Compare an integer and an address of a variable

Question

I need help on how to compare an address of a variable with an integer. //or a case of comparing pointers with integers.//

It is required that the program should have an array with initialized values. The program should display both the value and the address of the values. Then the program asks the user to input the address of the value the user wants to change. I want to display an error message like "Invalid Input!" when the program detects that the inputted address is not among the available addresses.

Sample output should be:

  data[1] = 11
  data[2] = 22
  data[3] = 33
  data[4] = 44

  address[1] = 2538816
  address[2] = 2538820
  address[3] = 2538824
  address[4] = 2538828

  enter address: 2538888
  Invalid Input!

I already created the code, it works, but it gives me a warning because i am casting it wrong( and I know that casting is not appropriate for what i need). My only focus is this:

• The user inputs an address to a int variable from the available addresses.
• the address that the user inputted should be compared to the available addresses. (this is the problem)
• if the inputted address is among the available ones, the user is to change the value stored on the address the user inputted.
• if not, the program should display Invalid Input!
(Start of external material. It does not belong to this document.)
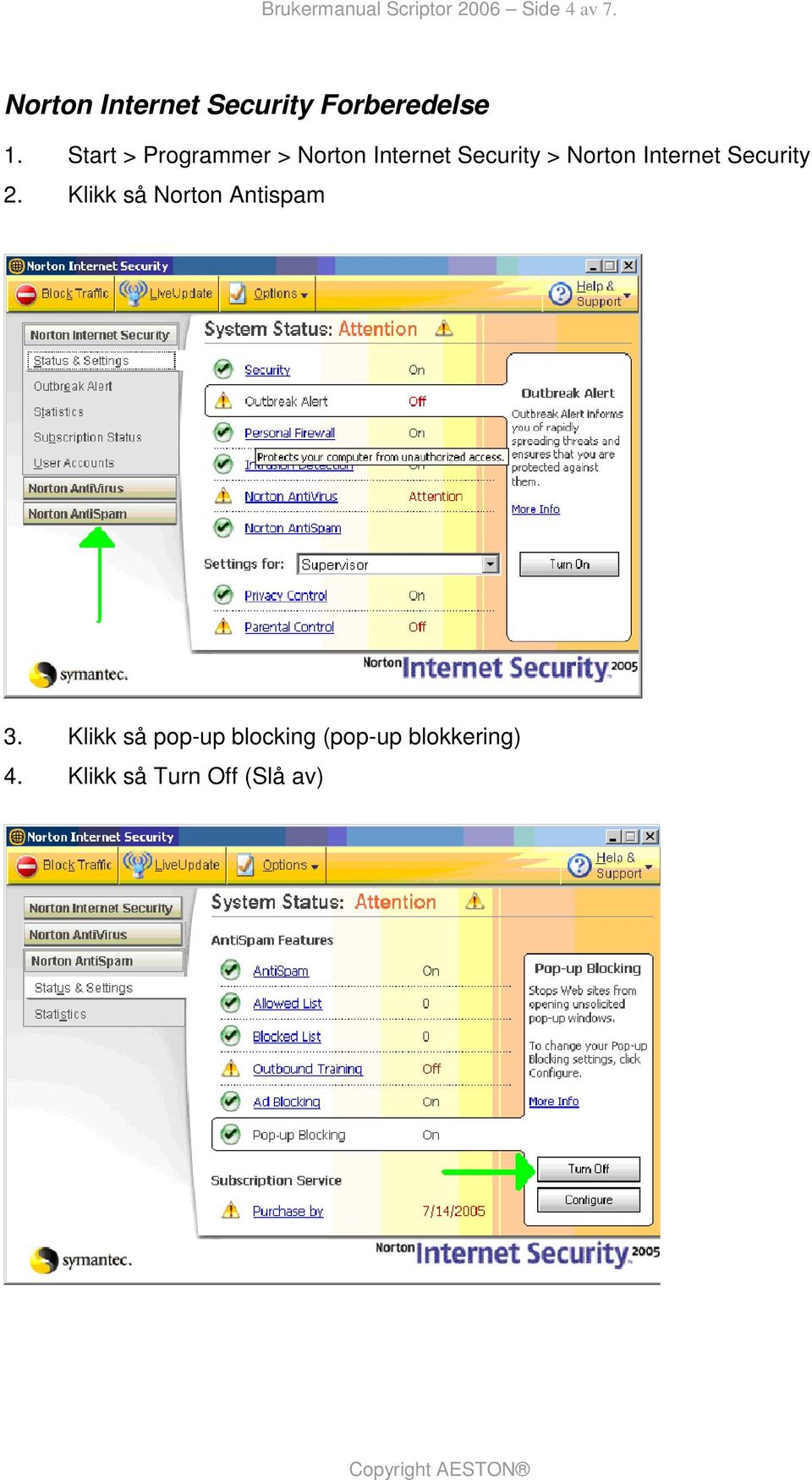 Start > Programmer > Norton Internet Security > Norton Internet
also, a requirement for the program is that when the "Program asks the user to enter an address. The address is stored in a temporary int variable, and then copied to the integer pointer."

main()
{
    int var = 4, temp;
    int data[5]={11, 22, 33, 44};
    int* pVar;
    pVar = &var;
    char choice;
    void display(int, int*);

    while(1)
    {
        display(var,data);

        while(1)
        {
            printf("\nEnter address: ");
            scanf("%d", &temp);
            int check=0;

            for(int i=0; i<4; i++)
            {
                if((int*)temp==&data[i])
                {
                    check=1;
                    break;
                }
            }
            if(check==1)
            {
                *pVar = temp;
                break;
            }
            else
            {
                printf("Invalid Input!\n");
            }
        }

        printf("Enter integer: ");
        scanf("%d", *pVar);

        display(var,data);

        while(1)
        {
            getchar();
            printf("\n\nDo you want to restart? [Y] Yes or [N] No: ");
            scanf("%c", &choice);

            if(choice=='Y'||choice=='y'||choice=='N'||choice=='n')
            {
                break;
            }
            else
            {
                printf("Invalid Input!\n");
            }   
        }

        if(choice=='N'||choice=='n')
        {
            break;
        }
    }//endline13
system("PAUSE");
}

void display(int var, int data[4])
{
    system("cls");
        printf("Values---------------------------*\n\n");
        printf("var = %d\n\n", var);

        for(int i=0; i<4; i++)
        {
            printf("data[%i] = %i\n", i, data[i]);
        }

        printf("\nAddresses---------------------------*\n\n");
        printf("Address of variable = %d\n\n", &var);

        for(int i=0; i<4; i++)
        {
            printf("Address of data[%i] = %i\n", i, &data[i]);
        }
}

Answer 1

what you are required to do is let the user enter a number, and interpret it as a pointer. First you have to check the pointer, next you have to use it. If you need to interpret a number as a pointer, you need a typecast. To make it easier for yourself, you should do this once, and use the result both for the checking and the assignment.

int temp;
scanf("%d", &temp);

Now you have the address in temp. First typecast this to a pointer;

int *tempptr;
tempptr = (int*)temp; // compiler will issue a warning for this.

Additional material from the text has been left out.